As a facilitator, you can run an engaging and fun retro by selecting from our pre-configured templates of popular project retrospective examples. You can edit the templates for a fully-customized experience or create custom retrospective formats and share them across your organization.
Regardless of which you chose, you have the option of starting with an icebreaker round to get everyone warmed up and ready to give feedback.
Great sprint retrospectives happen when team members freely offer their feedback to one another. To encourage everyone to speak openly, unlike other tools, feedback added in Parabol is anonymous.
Team members will see a frenzy of activity that encourages them to jump in and can join confidently. Keeping reflections anonymous empowers team members to share more and share a greater diversity of feedback, so you get a more complete picture of your agile team.
Whether your team is co-located in one office or distributed all over the world, Parabol supports your way of working.
In real-time, you can synchronously go through each phase of the sprint retrospective, and even set a timer to keep your meeting on track.
For asynchronous collaboration, you can set a time limit for completing each phase, and even send a Slack notification to let your team know how long they have to add feedback.
Traditionally, after gathering reflections, facilitators would group these into topics, using just their judgment. This left other scrum team members disengaged or even missed some of the essential differences between their input.
With Parabol, the whole team participates in grouping and ungrouping reflections. This multiplayer drag-and-drop feature allows everyone to address concerns, discuss subtle differences, and overall make sure their voice is heard.
Once you’ve identified themes, team members vote on which topics matter most to them. By default, everyone has five votes and can vote up to three times on one issue. Facilitators can customize these settings to fit their team's needs for each sprint retrospective meeting.
Like adding reflections, voting is anonymous in Parabol. That means the loudest or highest-paid person won’t sway the perspective of the team, so you can see what matters most to the group.
With the top themes decided, Parabol walks your team through each theme and the reflections that led to it. This guided discussion lets you drill deeper into each topic, and determine what actions you want to take away from your retrospective into your next sprint.

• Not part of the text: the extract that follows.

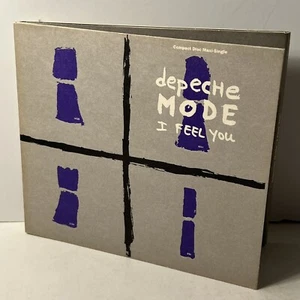 Depeche Mode I Feel You Cd Maxi Single 4 Tracks Like New - Picture 1 of 5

Parabol organizes discussions based on which topic got the most votes. You and your team can choose to go through all the topics, set an amount of time per topic, or pick the top themes - Parabol even lets you rearrange them and tackle them in any order you wish.
Once you end your retro meeting, all team members receive a detailed summary. The email summary includes the number of reflections, topics, and tasks that came out of the meeting, who participated, and what takeaway tasks each participant owns.
The summary also goes out to team members who missed the meeting, keeping everyone in-sync, even when it’s async.
You can share the summary with others across the organization, or export your learnings as CSV to analyze trends, upload them into another tool, or share with another group.
After the sprint retro, most teams need to jump right into working on the next set of deliverables. Luckily, you don’t need to jump between tools to bring the learnings from your sprint retrospective into the place where you do work day-to-day: you can add takeaway tasks directly from Parabol into Atlassian Jira or GitHub.
You can always come back to Parabol to see what came out of your past project or sprint retros.
Each team has a dashboard with the tasks that came out of previous retrospectives and meetings, and each team member has an individual dashboard for all the tasks they own. That lets team leaders keep track of how their scrum or project team is progressing, and team members stay personally accountable for their tasks.
Even if work is being done in a variety of other tools, you can use this central hub of meeting takeaways to make sure you’re continuing to check back on what you’ve learned and continuously improving.